When Board member Karlo Silbiger, the passionate champion of this projected site change, appeared before the City Council last night seeking confirmation of his longtime dream, he encountered at least two complicating roadblocks:

• Advisory commissions already are scheduled for the second Tuesday, and the Board’s long-entrenched schedule has them meeting the second and fourth Tuesdays.

• An annual rental fee in the range of $1,600 seemed to be a wedge subject before the Council last night even though it is relative pocket change.

Mr. Zeidman was asked if the School Board could fine-tune its meeting schedule.

“Theoretically we could,” he said. “We want to make this (transfer) as convenient as possible for the people who are interested in what is going on in our schools. This has nothing to do with wanting to sit in more comfortable chairs. My seat at the School District is comfortable. To move to City Council Chambers, it is a lot more comfortable for the audience, and it allows people at home more readily to see what is going on.

Adapting to City Hall

“In my opinion, moving there makes perfect sense whenever possible.”

Those last two words were packed with subtle power.

Does “whenever possible” mean a fulltime move?

Said Mr. Zeidman:

“No, it does not. Let’s say, for example, it only is available on the fourth Tuesday of the month. There is nothing wrong with saying ‘Every second Tuesday we meet on Irving Place and every fourth Tuesday in Council Chambers.’ That is a consistent schedule people can follow.

“What I would like to avoid is meeting there sometimes, whenever — that may be too hard for people to figure out where we are.

“Could we move to another tonight? Theoretically, we could.

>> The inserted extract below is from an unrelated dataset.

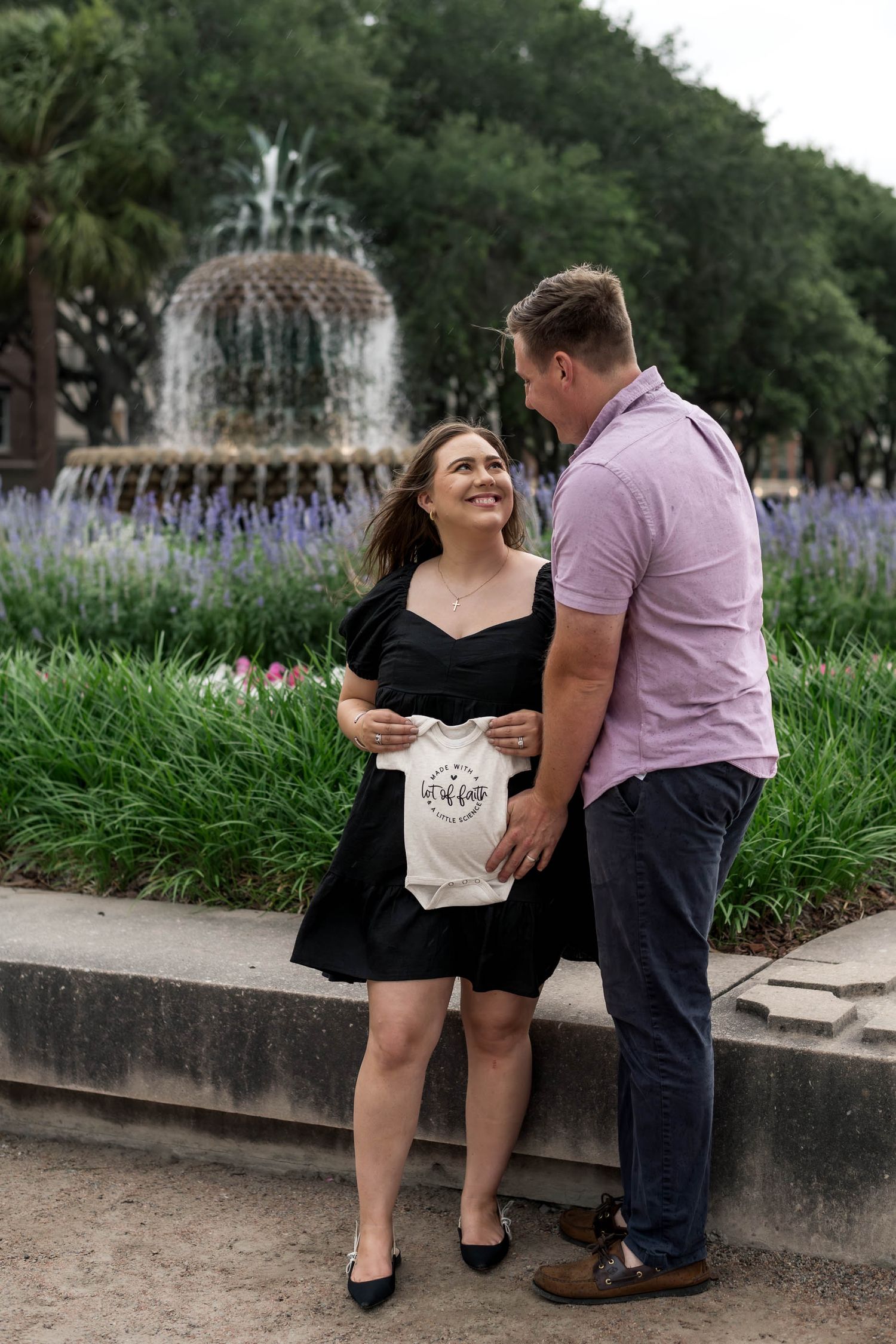 Pineapple Fountain. A smiling couple stands near a pineapple fountain, the woman holding a decorative tote bag outdoors.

“Is there another night available that will make it better for the public? How about the public that expects the School Board on Tuesday nights? Are we not defeating the purpose if we move to the second Wednesday and the fourth Tuesday, or something like that?

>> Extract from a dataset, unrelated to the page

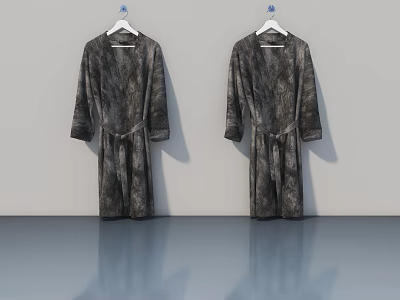 Two Long Sleeved Patterned Robes Hanging On White Hangers With Belt 3d model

“If we had a schedule that said we are at the School District offices on the second Tuesday and we are at City Council on the fourth Tuesday of every month, that is a schedule people can understand.

“If the commissions (meeting on Tuesdays in Council Chambers) wanted to move to, say, Thursdays, of course I don’t mind that. But I can’t imagine us saying, ‘Look, you must move.’

“We have not discussed this as a Board. So I can’t tell you what the Board is thinking.”

Mr. Zeidman hailed the City Council’s somewhat unexpected vote last night to table the matter until a coherent message is sent by the School Board. “We need to give them exact direction of what we want,” he said.